== EXERCISE BRIEF ==
From the line containing "Detail view of" through the last line of the material, copy every line exactly, both ends inclusive; do not copy pictures.

DATASET CONTENT Start Marker

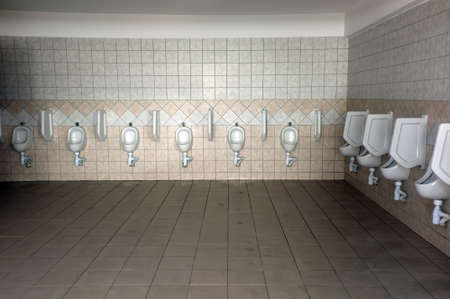 Indoor scenery of a public toilet with urinals
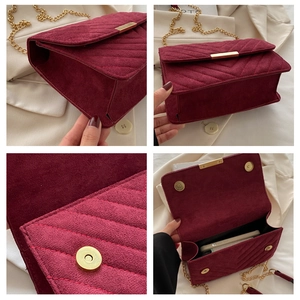 Detail view of burgundy chevron quilted bag with gold chain strap and magnetic closure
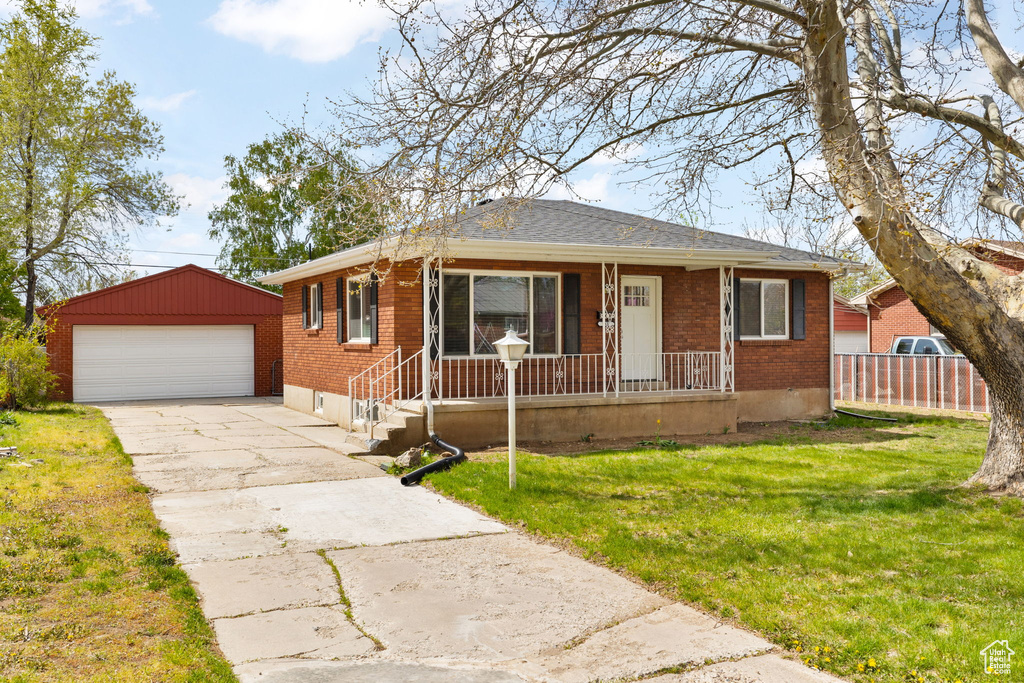 View of front of house featuring a porch, brick siding, an outbuilding, and a garage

DATASET CONTENT End Marker

== RESPONSE TO THIS EXERCISE ==
 Detail view of burgundy chevron quilted bag with gold chain strap and magnetic closure
 View of front of house featuring a porch, brick siding, an outbuilding, and a garage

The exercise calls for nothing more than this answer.